[Your instructions]
The output is the lines below from the one with "BURBERRY LONDON ΚΟΝΤΟΜΑΝΙΚΟ" through the one with "022545300 Bad Boy", both included, printed exactly and with no other line.

[Supplied data]
++++++++++
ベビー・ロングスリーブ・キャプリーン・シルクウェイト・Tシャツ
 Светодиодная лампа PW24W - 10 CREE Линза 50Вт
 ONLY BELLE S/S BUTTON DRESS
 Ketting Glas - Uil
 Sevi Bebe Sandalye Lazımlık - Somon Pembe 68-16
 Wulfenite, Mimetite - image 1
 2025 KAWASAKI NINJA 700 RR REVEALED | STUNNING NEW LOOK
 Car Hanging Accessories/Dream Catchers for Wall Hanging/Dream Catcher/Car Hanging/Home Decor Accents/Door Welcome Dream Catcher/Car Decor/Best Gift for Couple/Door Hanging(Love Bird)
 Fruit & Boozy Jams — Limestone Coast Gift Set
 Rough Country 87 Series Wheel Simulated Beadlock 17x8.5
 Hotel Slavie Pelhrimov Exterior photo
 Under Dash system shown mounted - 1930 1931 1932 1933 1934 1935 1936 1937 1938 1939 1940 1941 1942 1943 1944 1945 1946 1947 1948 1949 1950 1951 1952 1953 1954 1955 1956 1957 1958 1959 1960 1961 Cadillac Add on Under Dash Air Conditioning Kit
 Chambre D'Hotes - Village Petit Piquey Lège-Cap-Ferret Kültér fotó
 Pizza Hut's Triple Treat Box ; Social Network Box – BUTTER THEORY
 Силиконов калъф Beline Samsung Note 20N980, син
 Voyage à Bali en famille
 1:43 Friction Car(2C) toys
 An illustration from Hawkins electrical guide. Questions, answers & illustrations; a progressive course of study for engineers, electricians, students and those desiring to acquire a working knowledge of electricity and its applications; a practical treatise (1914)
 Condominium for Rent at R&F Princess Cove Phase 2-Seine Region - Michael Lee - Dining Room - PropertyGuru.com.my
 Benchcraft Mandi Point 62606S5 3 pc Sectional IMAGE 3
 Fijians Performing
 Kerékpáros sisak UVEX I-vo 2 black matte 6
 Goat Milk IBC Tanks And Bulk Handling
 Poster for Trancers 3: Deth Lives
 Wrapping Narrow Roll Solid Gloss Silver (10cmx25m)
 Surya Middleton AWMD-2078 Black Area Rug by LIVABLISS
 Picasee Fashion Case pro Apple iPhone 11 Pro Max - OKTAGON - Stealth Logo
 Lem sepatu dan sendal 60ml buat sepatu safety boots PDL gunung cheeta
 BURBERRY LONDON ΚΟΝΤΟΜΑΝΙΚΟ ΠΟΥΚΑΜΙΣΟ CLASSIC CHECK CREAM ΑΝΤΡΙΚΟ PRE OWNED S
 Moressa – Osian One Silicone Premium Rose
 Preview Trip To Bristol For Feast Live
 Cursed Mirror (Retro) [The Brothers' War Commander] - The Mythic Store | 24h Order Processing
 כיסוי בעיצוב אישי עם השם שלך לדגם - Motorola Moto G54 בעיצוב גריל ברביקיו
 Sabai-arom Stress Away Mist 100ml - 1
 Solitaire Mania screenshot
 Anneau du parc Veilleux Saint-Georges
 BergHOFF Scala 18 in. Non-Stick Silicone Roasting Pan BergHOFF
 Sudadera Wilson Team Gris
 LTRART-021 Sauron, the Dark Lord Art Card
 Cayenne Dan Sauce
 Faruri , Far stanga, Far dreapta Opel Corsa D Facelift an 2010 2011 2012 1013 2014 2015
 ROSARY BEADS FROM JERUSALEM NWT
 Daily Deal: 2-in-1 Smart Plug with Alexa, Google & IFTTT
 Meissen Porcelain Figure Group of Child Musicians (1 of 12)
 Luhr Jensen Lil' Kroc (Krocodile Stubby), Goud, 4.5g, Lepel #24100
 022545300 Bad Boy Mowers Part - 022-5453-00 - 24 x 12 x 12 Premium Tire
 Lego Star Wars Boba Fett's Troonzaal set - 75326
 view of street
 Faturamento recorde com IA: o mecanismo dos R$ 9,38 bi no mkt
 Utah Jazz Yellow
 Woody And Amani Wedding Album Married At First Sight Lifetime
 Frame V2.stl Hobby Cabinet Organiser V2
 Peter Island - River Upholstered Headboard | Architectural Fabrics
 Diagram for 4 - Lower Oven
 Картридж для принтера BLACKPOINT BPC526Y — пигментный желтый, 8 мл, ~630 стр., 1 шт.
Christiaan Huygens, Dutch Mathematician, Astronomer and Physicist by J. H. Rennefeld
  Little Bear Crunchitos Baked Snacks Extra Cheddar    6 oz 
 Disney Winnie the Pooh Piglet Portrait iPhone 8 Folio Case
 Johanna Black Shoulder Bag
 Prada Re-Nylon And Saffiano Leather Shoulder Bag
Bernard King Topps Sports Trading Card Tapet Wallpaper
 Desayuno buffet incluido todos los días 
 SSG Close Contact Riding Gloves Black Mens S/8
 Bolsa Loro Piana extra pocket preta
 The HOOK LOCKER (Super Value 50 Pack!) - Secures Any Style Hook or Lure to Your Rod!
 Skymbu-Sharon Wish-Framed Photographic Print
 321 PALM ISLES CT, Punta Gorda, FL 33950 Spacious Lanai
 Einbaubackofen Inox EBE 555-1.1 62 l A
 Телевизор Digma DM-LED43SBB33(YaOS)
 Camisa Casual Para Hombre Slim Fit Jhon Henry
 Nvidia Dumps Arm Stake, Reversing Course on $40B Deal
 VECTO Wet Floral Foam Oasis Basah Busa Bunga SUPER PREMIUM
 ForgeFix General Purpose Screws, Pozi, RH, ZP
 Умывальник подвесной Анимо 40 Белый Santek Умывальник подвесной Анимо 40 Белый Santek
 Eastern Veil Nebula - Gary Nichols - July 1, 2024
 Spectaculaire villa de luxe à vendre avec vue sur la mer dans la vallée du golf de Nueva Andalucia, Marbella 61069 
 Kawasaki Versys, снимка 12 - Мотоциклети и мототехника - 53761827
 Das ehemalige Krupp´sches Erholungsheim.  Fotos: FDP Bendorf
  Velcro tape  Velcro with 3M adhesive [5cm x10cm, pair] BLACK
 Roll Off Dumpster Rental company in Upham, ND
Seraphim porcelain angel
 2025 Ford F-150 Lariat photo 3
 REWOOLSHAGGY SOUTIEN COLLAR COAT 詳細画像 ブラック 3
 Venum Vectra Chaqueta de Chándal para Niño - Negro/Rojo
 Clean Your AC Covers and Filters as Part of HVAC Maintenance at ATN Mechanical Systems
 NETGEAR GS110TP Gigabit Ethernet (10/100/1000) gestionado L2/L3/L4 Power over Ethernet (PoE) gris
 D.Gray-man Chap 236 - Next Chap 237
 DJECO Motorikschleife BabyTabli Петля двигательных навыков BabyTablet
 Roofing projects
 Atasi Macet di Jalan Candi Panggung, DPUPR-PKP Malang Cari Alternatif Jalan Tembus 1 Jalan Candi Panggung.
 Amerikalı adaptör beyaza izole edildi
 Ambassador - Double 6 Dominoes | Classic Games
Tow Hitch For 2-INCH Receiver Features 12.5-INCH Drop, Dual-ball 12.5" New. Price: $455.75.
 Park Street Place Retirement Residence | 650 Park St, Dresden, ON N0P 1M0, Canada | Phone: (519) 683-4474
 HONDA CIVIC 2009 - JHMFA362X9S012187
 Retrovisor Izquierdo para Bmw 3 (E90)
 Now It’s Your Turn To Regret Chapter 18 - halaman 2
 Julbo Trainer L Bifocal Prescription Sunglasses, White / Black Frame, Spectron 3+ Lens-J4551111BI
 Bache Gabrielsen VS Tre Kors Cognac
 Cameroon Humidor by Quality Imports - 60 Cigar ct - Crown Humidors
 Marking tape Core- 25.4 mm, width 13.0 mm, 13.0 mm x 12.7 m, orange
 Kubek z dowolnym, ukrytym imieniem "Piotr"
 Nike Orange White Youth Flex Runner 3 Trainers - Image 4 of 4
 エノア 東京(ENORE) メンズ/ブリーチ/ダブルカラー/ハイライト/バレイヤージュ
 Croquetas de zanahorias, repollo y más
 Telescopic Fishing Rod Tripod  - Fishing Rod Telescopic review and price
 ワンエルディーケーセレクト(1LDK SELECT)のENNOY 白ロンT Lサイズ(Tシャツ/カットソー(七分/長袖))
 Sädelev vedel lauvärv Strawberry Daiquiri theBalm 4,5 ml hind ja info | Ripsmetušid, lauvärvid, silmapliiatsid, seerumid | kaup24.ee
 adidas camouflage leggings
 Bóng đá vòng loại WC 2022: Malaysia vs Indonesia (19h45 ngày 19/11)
++++++++++
[Expected answer]
 BURBERRY LONDON ΚΟΝΤΟΜΑΝΙΚΟ ΠΟΥΚΑΜΙΣΟ CLASSIC CHECK CREAM ΑΝΤΡΙΚΟ PRE OWNED S
 Moressa – Osian One Silicone Premium Rose
 Preview Trip To Bristol For Feast Live
 Cursed Mirror (Retro) [The Brothers' War Commander] - The Mythic Store | 24h Order Processing
 כיסוי בעיצוב אישי עם השם שלך לדגם - Motorola Moto G54 בעיצוב גריל ברביקיו
 Sabai-arom Stress Away Mist 100ml - 1
 Solitaire Mania screenshot
 Anneau du parc Veilleux Saint-Georges
 BergHOFF Scala 18 in. Non-Stick Silicone Roasting Pan BergHOFF
 Sudadera Wilson Team Gris
 LTRART-021 Sauron, the Dark Lord Art Card
 Cayenne Dan Sauce
 Faruri , Far stanga, Far dreapta Opel Corsa D Facelift an 2010 2011 2012 1013 2014 2015
 ROSARY BEADS FROM JERUSALEM NWT
 Daily Deal: 2-in-1 Smart Plug with Alexa, Google & IFTTT
 Meissen Porcelain Figure Group of Child Musicians (1 of 12)
 Luhr Jensen Lil' Kroc (Krocodile Stubby), Goud, 4.5g, Lepel #24100
 022545300 Bad Boy Mowers Part - 022-5453-00 - 24 x 12 x 12 Premium Tire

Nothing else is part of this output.